Records from a data source:
━━━━━━━━

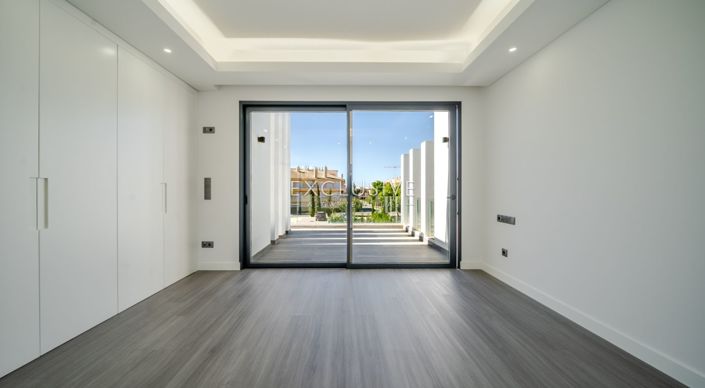 Image No.24-3 Bed Villa for sale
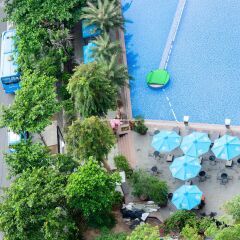 Апартаменты Handy Beachfront Apartment Нячанг спортивное сооружение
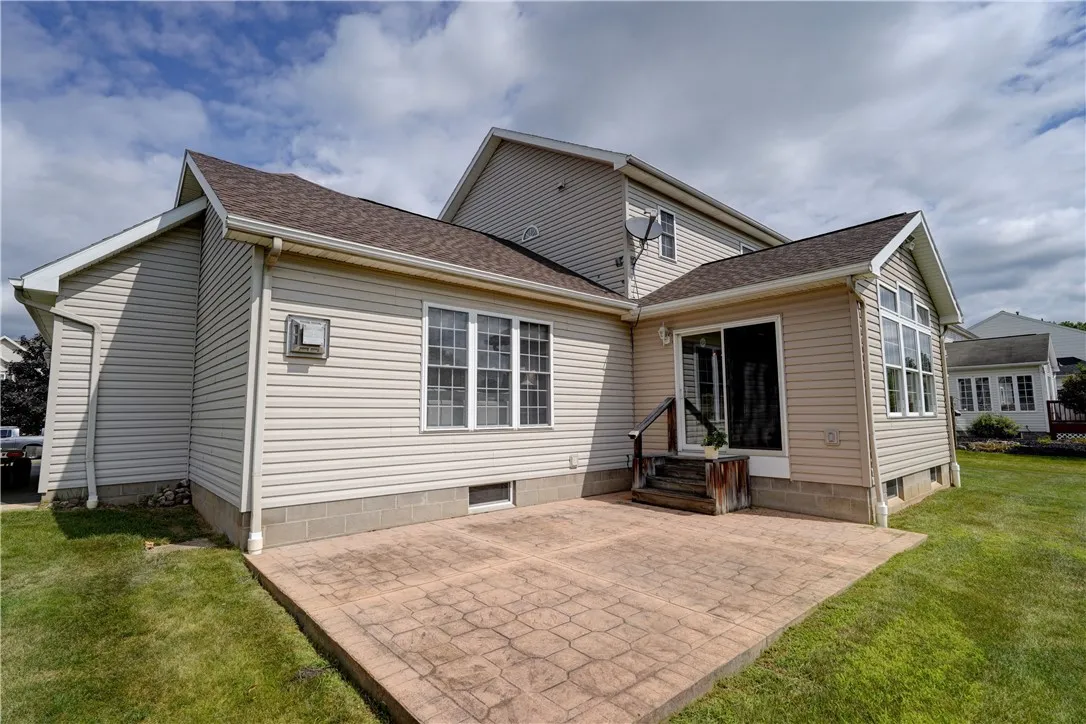 32 Trestle Trl, Chili, New York 14514, Chili, New York 14514, 3 Bedrooms Bedrooms, 8 Rooms Rooms,2 BathroomsBathrooms,Residential,Closed,32 Trestle Trl, Chili, New York 14514,0,R1624576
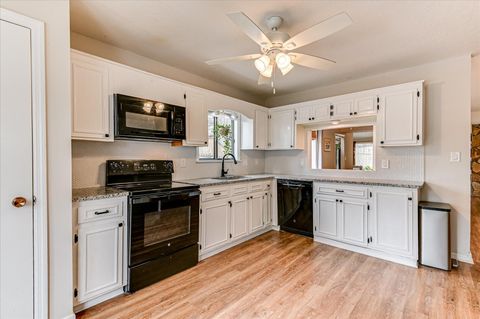 Tiny photo for 3203 N Wimbledon Drive, Augusta, GA 30909 (MLS # 222165)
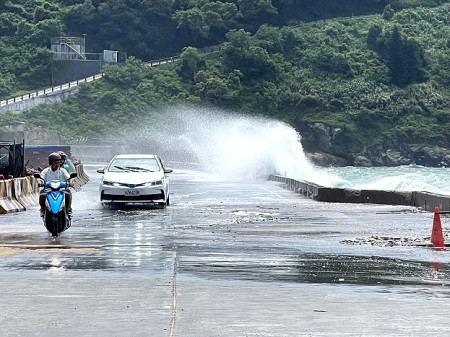 　白浪滔滔我不怕。（圖與文：陳鵬雄）
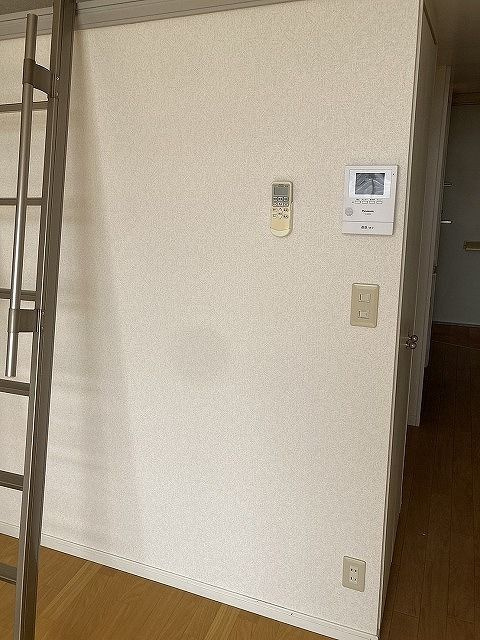 イノセント歯科大前の玄関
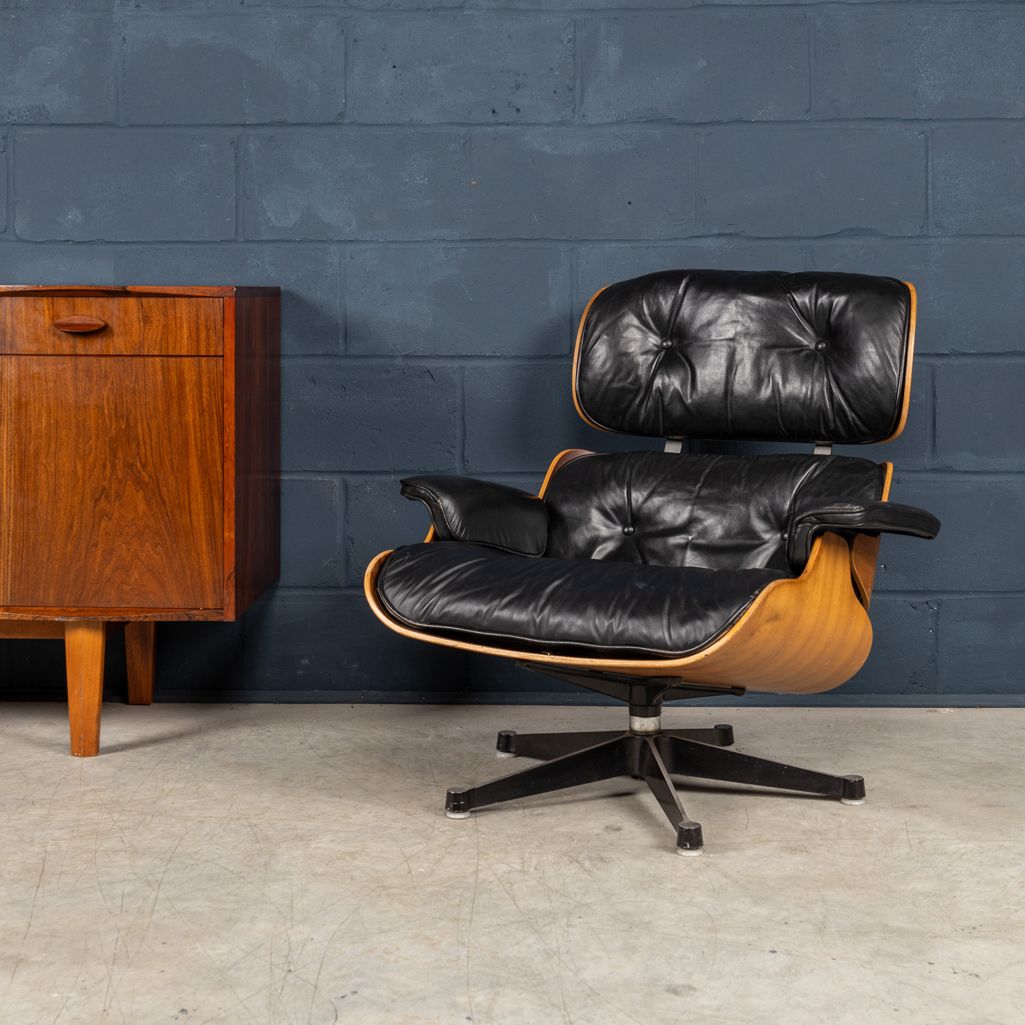 eames lounge chair black
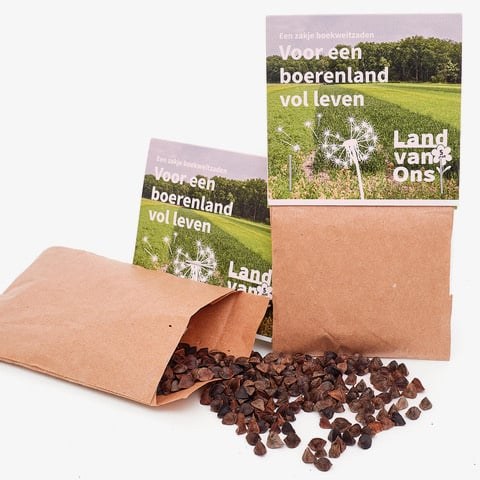 Open zakje met boekweitzaad naast weggeefzakjes van Land van Ons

━━━━━━━━

* Instructions for the task
Above are the records; transcribe them exactly without the pictures.

* Response for this exercise
 Image No.24-3 Bed Villa for sale
 Апартаменты Handy Beachfront Apartment Нячанг спортивное сооружение
 32 Trestle Trl, Chili, New York 14514, Chili, New York 14514, 3 Bedrooms Bedrooms, 8 Rooms Rooms,2 BathroomsBathrooms,Residential,Closed,32 Trestle Trl, Chili, New York 14514,0,R1624576
 Tiny photo for 3203 N Wimbledon Drive, Augusta, GA 30909 (MLS # 222165)
 　白浪滔滔我不怕。（圖與文：陳鵬雄）
 イノセント歯科大前の玄関
 eames lounge chair black
 Open zakje met boekweitzaad naast weggeefzakjes van Land van Ons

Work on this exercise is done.